Campus infrastructure impacts the student experience

March 26, 2018  |   Found in Advocacy // Editorial

Campus Infrastructure: Its impact on the student experience.

There are several factors that influence a student’s experience during their undergraduate career. These can include their extracurricular activities such as clubs, their choice to take on undergraduate research opportunities, or wondering what awaits post-convocation. One of the subtle influences that can impact their experience is the physical state of campus, its infrastructure, and the spaces that students interact with on a day to day basis.

I believe that students shouldn’t need to spend their time thinking about the state of the spaces surrounding them. There are far more pressing concerns that should hold a student’s attention, but when space begins to impact their ability to learn and socialize, it needs to be addressed by the university and it’s the job of the Students’ Union to ensure that student needs are incorporated in the evolution of our campus.

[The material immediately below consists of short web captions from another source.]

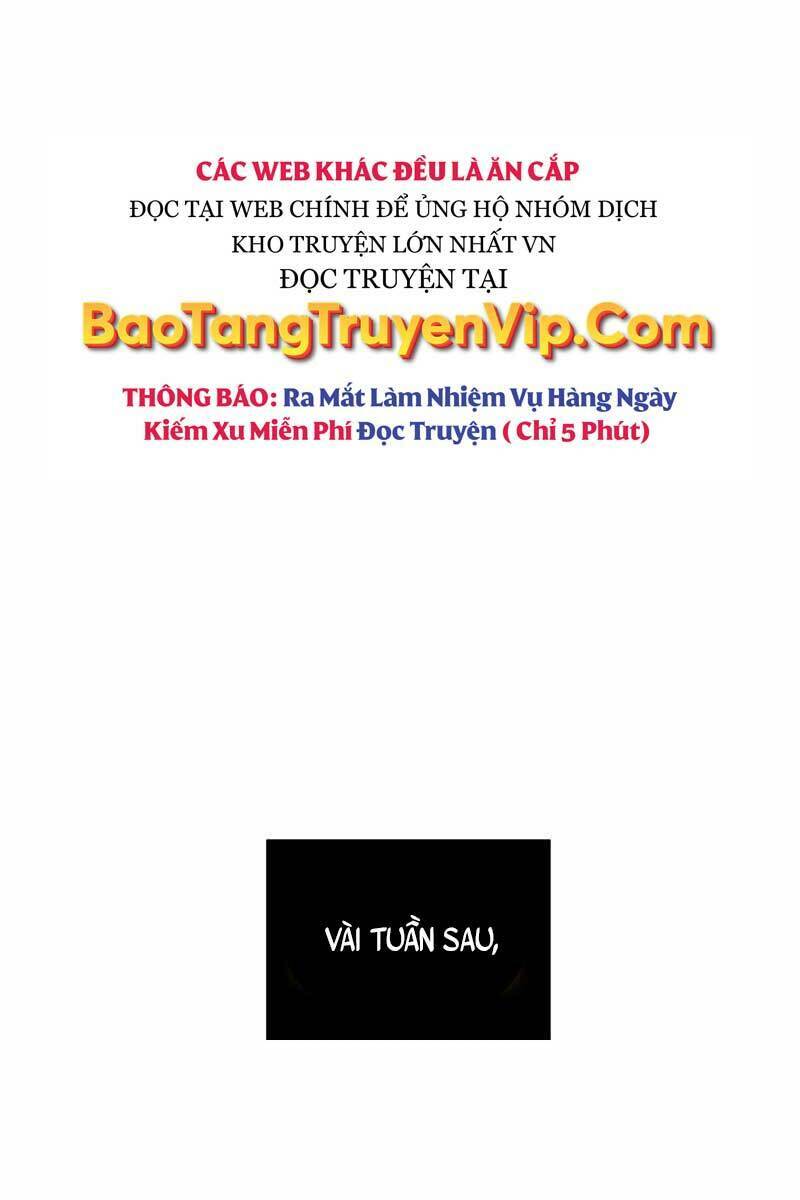 Hồi Quy Thành Công Tước Chap 44 - Next Chap 45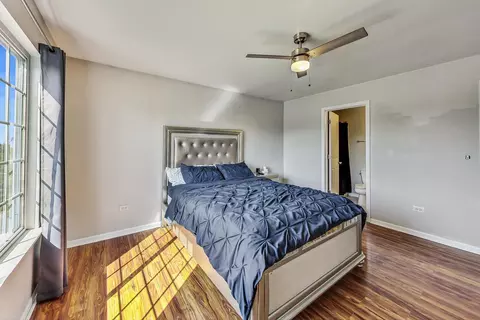 800 Daniel Dr, Minooka, IL 60447 photo 17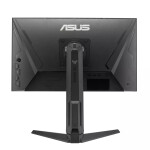 Asus TUF Gaming VG259QL5A IPS HDR Monitor 24.5 FHD 1920x1080 200Hz με Χρόνο Απόκρισης 1ms GTG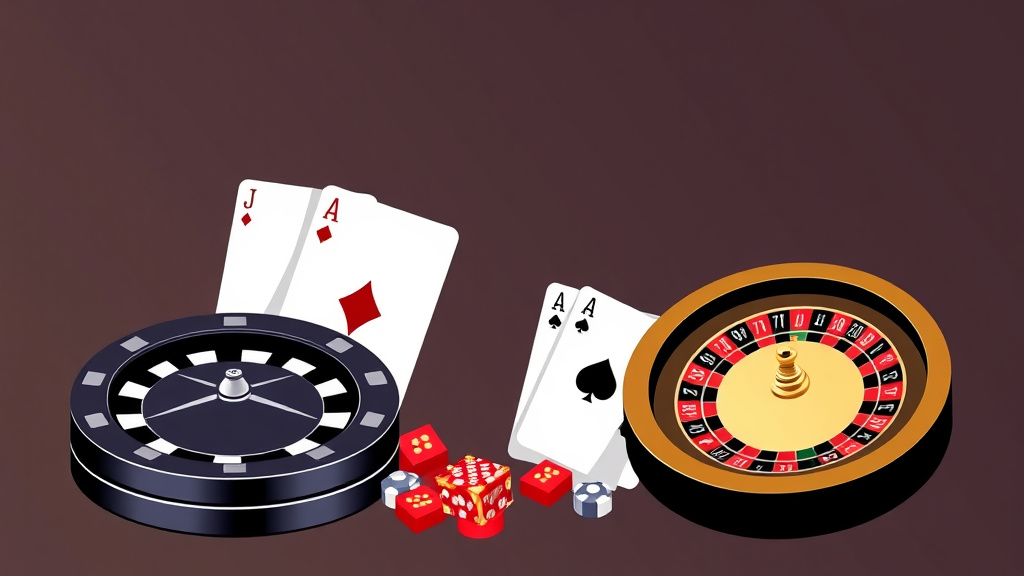 Banner www.ducnghiep.com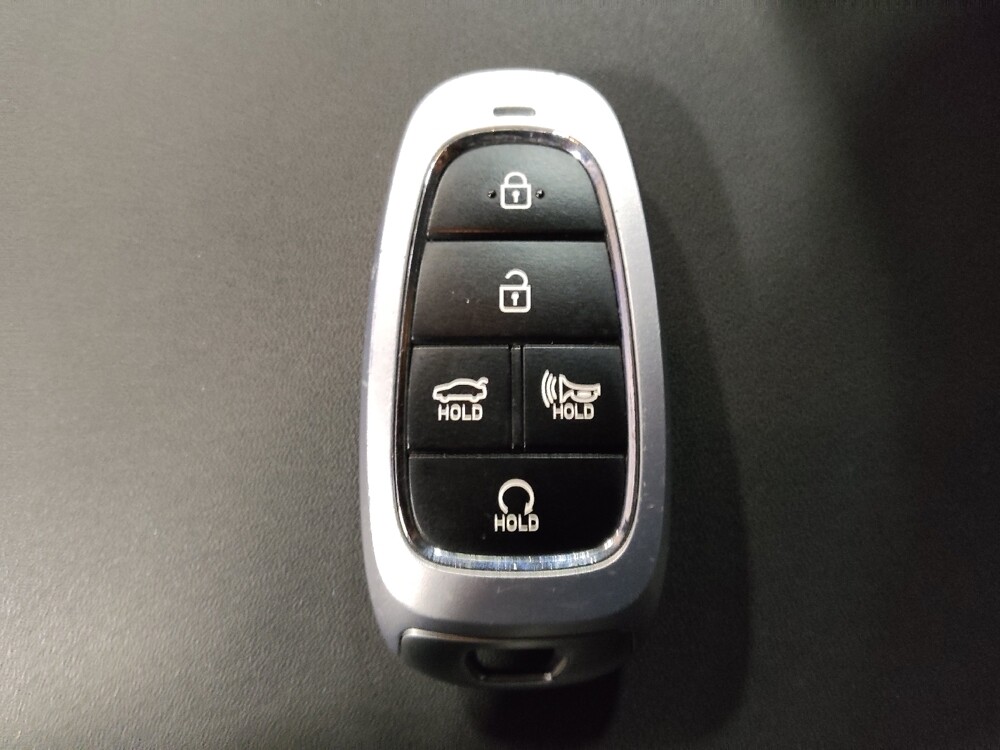 2020 Hyundai Sonata in Jacksonville, FL 32210 - 18073980 32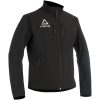 Snøscooterjakke Ranger Tekstil Blå AMOQ XL – miniature 11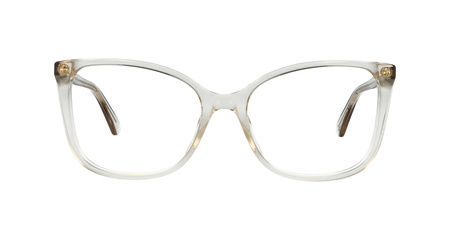 Gucci GG0026O 016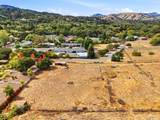 1870 Indian Valley Road - Photo 8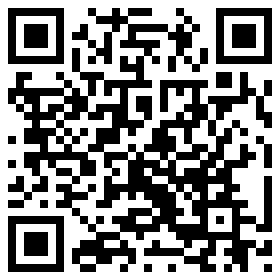 qrcode für HPE HP2Q9PE SVCS 1Y REN FC NBD EDU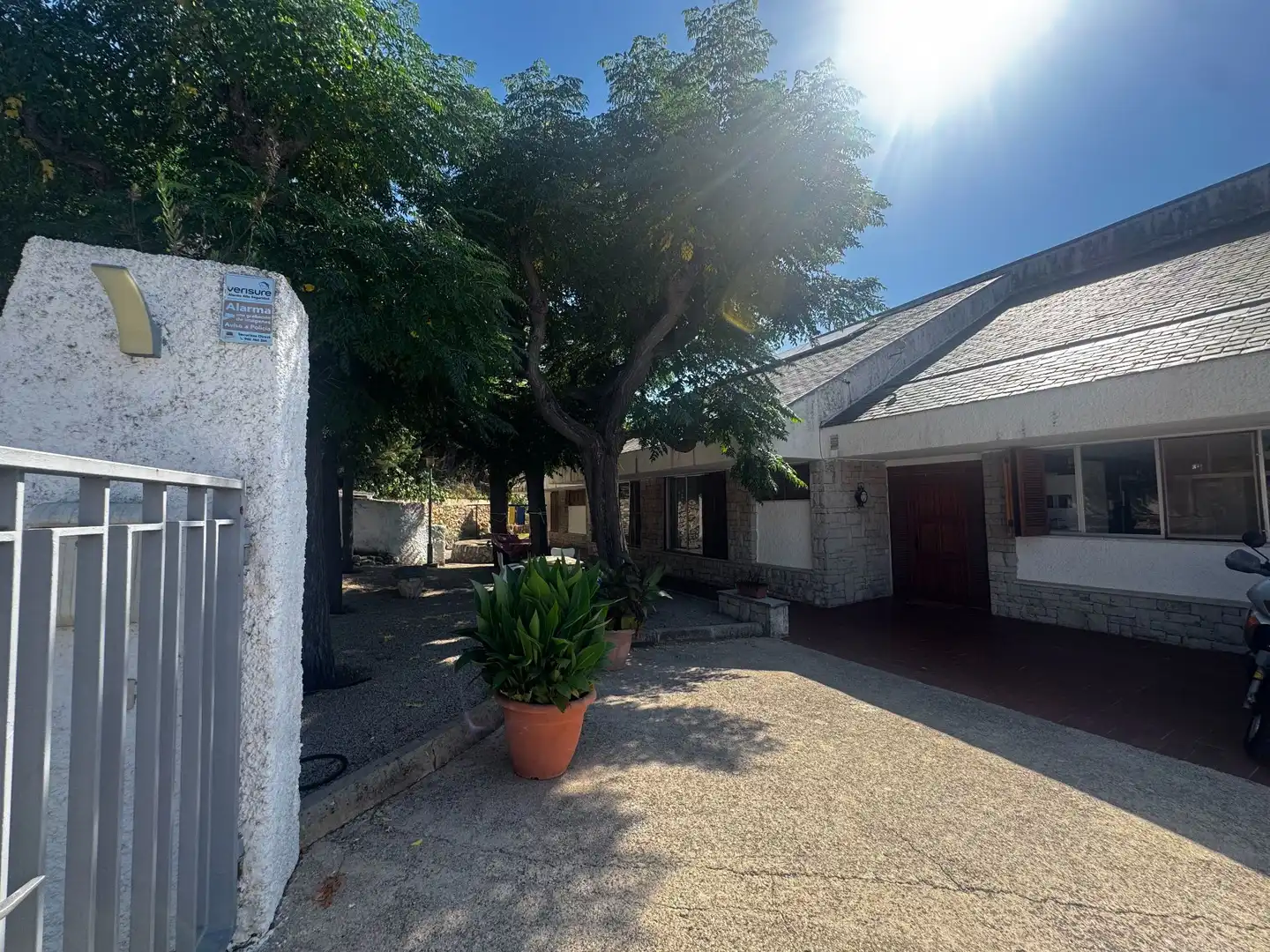 Haus mit Pool zum Verkauf in Mig Camí, imagen 4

Campus infrastructure is a broad category, but there are generally three key areas that impact students:

Learning Spaces

Learning spaces include anywhere that is used to study or learn. They can be libraries, student lounges, classrooms, lecture theatres, computer labs, laboratories, and even hallways! These spaces directly impact our ability to learn because while some students can study in a busy hallway, others need the quiet of libraries.

The University of Calgary has a mandate to be a comprehensive academic and research institution (CARI) which makes it a necessity to provide top quality teaching and opportunities for research. The quality of learning spaces has a direct impact on the quality of teaching and research, and we reiterate this to administration at every opportunity.

Social Spaces

The University of Calgary is a commuter campus; approximately 90% of students live off campus, which presents a challenge in terms of student engagement. Not living on campus can put pressures on the time that you spend on campus and the social connections you form here.

I’ve been fortunate to live in residence during the first four years of my degree. The community that exists there was a tremendous support. As I started to get more involved outside of residence I noticed there was a lack of community on campus, and I have worked over the last few years to address this.

The most effective way to build community is to ensure that it has the space to take root and grow. The creation of student lounges and centres fosters the relationships that help students succeed. In many ways it is a perfect example of “build it and they will come.”

The more resources that can be directed towards student spaces, the more opportunities and incentives students have to spend their time on campus. In this, students have put their money where their mouth is; the Quality Money program ( has directed millions of dollars towards the creation, expansion, and modernization of student spaces across campus. Furthermore, students have also invested well over $20 million in the creation of their own home on campus, Mac Hall.

Deferred Maintenance

The practice of delaying necessary upkeep of infrastructure is known as deferred maintenance. It is generally the result of budget constraints that force resources to other areas of campus rather than addressing the daily wear and tear that occurs in campus buildings.

Deferred maintenance can be used to strategically allocate resources for short periods of time, but it must always be addressed sooner or later. When deferred maintenance debt is allowed to balloon to the staggering levels currently seen at institutions across Alberta, including the University of Calgary, it costs everyone more in the end.

This practice of delaying necessary upkeep has a direct impact on students as it creates unsafe and undesirable spaces. Students need to be able to attend university knowing that the spaces they’re learning in are safe, modern and accessible.

What is the SU doing?

Campus infrastructure has become a pressing issue as students start to feel the impacts that it has on every aspect of their undergraduate experience. We are committed to taking a leadership role in advocating on campus infrastructure across the country.

The Students’ Legislative Council (the SU’s highest governing body) recently approved a campus infrastructure advocacy policy that will direct our efforts. To the university we advocate for more student input on renovations and improvements across campus and the prioritization of student spaces as the university begins to address its significant deferred maintenance debt. To the provincial and federal governments, we advocate for more funding to help the university make the necessary repairs to campus. We have also published a Campus Infrastructure Report to better inform decision makers about the impact campus infrastructure has on our student experience.

At the end of the day, we need a campus that provides us with the opportunities to learn and grown, and that begins with the space around us. We will continue to work to make sure that your experience on campus is the best it possibly can be, and that includes making sure the spaces you spend your time in are in the best shape possible.

Branden Cave is the 75th SU President and was 74th VP Operations and Finance. He received his BA in Economics in June 2017 and has used his experience to advocate to government for more resources to address campus infrastructure issues.